Thursday, March 5, 2009

Roller Judge

Did you know that Clark County District Court Judge Valorie Vega put herself through law school by skating on a professional roller derby team? Yeah, neither did we. From the LV Sun:
She started playing while attending law school in 1980.

“It was good money. It was real good money,” Vega says. “It helped pay for a lot of those big, fat law books I had to buy.”
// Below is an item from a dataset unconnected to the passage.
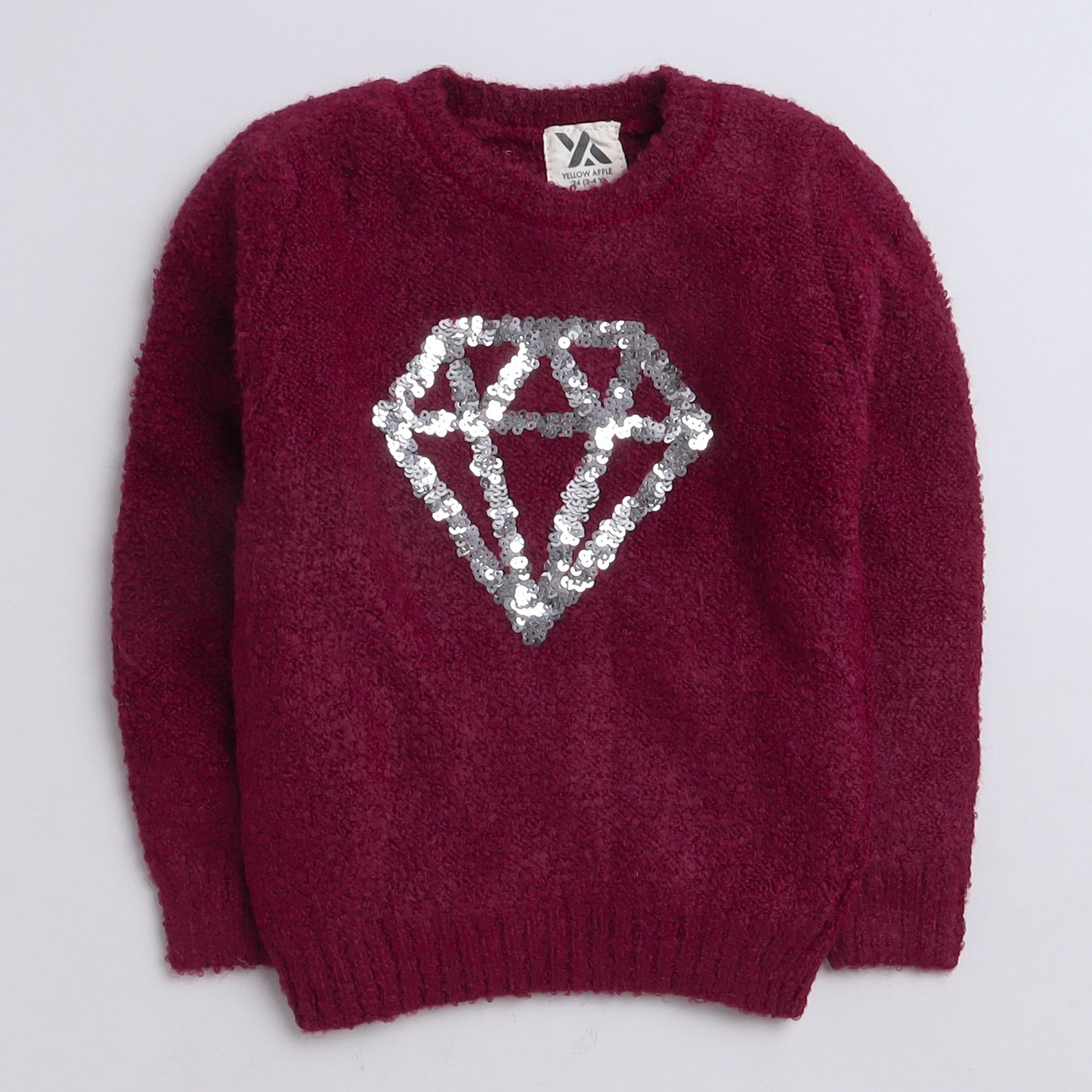 Yellow Apple Luxe Knit Sweater – Sparkle Style for Young Trendsetters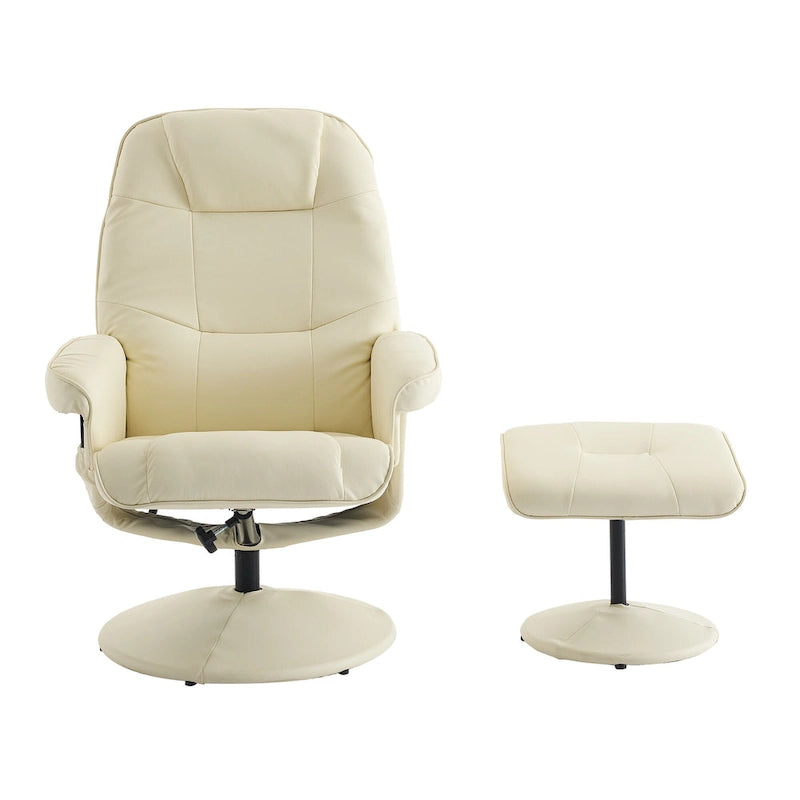 Fauteuil de massage inclinable en cuir PU avec ottoman, siège chauffant et de massage, dossier réglable à 140°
And the night-and-weekend schedule didn’t interfere with her classes at USC, although there was that time she took a toss over the rails that broke her arm and dislocated her shoulder during final exams. She took one while loaded on rhino-grade painkillers. When she left the classroom, she had to ask a friend if she had handed in her blue exam book.
So many questions. Perhaps the most important being: What the hell are "rhino-grade painkillers?"

Monday, March 2, 2009

CD Attorneys: Start Your Engines

Apparently, size does matter. The proposed 49-story Harmon hotel at City Center has been decapitated due to improperly installed rebar on 15 floors of the building currently under construction. Designed by "British superstar architect" Lord Norman Foster, the building will now be capped at 28 stories, which, as you can see, looks ridiculous. From the LV Sun:
It's still unclear how Harmon will be capped, and what reengineering will be required for such infrastructure elements as elevators and vents. If the Harmon's exterior isn't significantly redesigned, it risks looking unmistakably out of proportion. Think 28 oz. of tomatoes squished into a 16 oz. can.
We weap weep for all the bankrupted contractors/subcontractors who will be left in the wake of this mess.